South Africa’s real gross domestic product expanded by 0.5% in the first quarter of 2026, beating market expectations of 0.3%, according to official data released by Statistics South Africa on Tuesday.
The positive performance marks the country’s sixth consecutive quarter of economic expansion, building on a revised 0.4% growth rate recorded in the final three months of 2025.
Broad-based gains drove the expansion, with nine out of ten industries reporting growth. The finance, real estate, and business services sector led the momentum, expanding by 0.9% during the period.
Agriculture, forestry, and fishing rebounded strongly by 3.9%, while the trade and transport sectors both grew by 0.7%. Mining output also rose on higher diamond and platinum group metal production.
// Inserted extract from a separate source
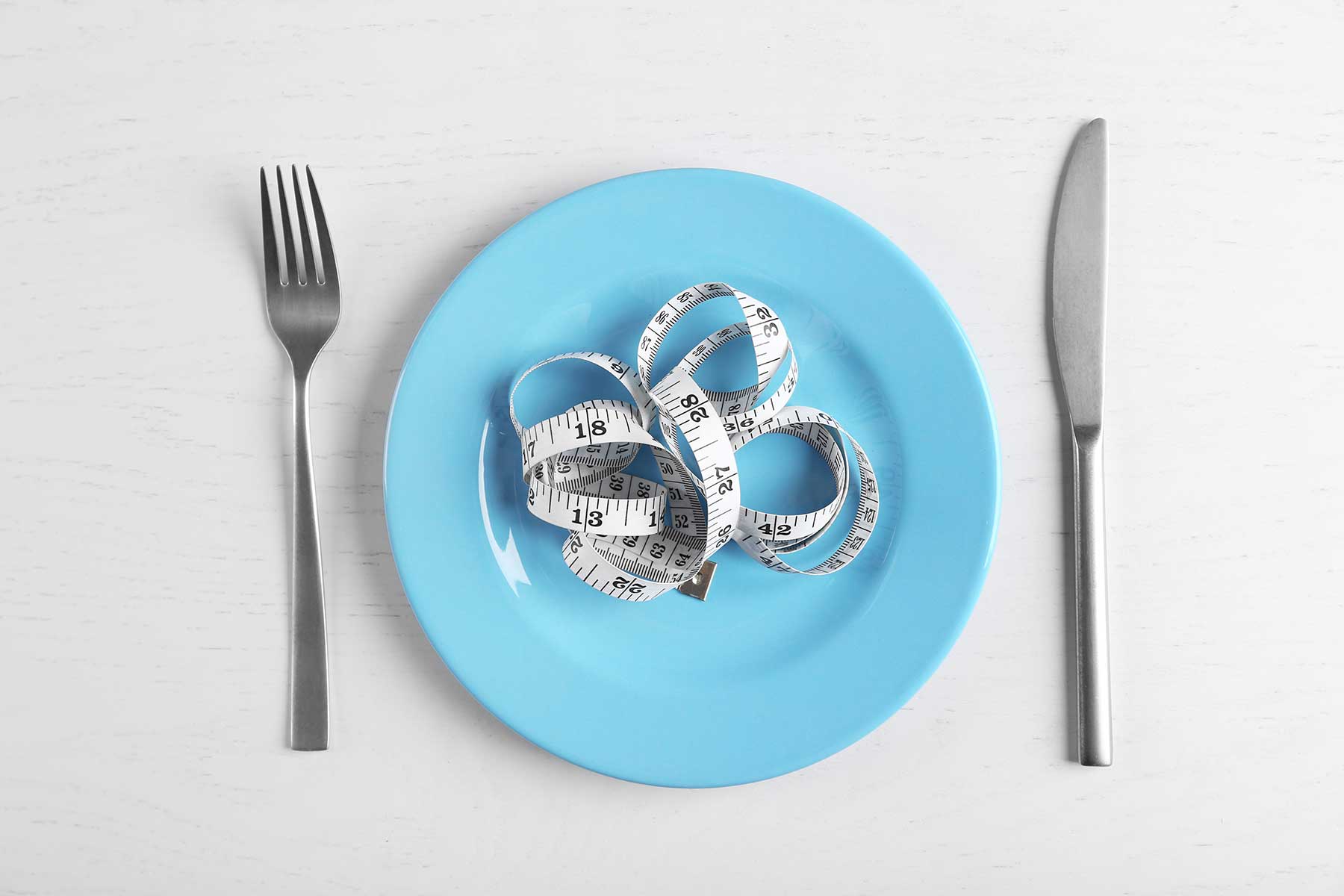 What Are the Different Types of Eating Disorders?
Conversely, manufacturing remained a major drag on the index, contracting by 1.0% to register its second straight quarterly decline, heavily weighed down by petroleum and chemical product divisions.
Domestic demand showed underlying structural weakness as private sector fixed investment plummeted 4.9% quarter-on-quarter, prompting calls from opposition lawmakers for urgent structural reforms from economic ministers.
Despite the positive headline print, Statistics South Africa warned that the domestic economic outlook remains clouded by escalating external geopolitical shocks in the Middle East.
Officials noted the late February outbreak of the US-Iran war left Q1 data largely insulated, but predicted severe fuel price hikes would heavily impact second-quarter growth figures.
The South African Reserve Bank recently delivered a defensive interest rate hike and lowered its full-year 2026 growth forecast to 1.2% to anchor rising inflation expectations.
Economists project a sharp slowdown in subsequent quarters as compounding logistics costs, elevated interest rates, and soaring fuel prices pressure local consumers and depress broader business confidence.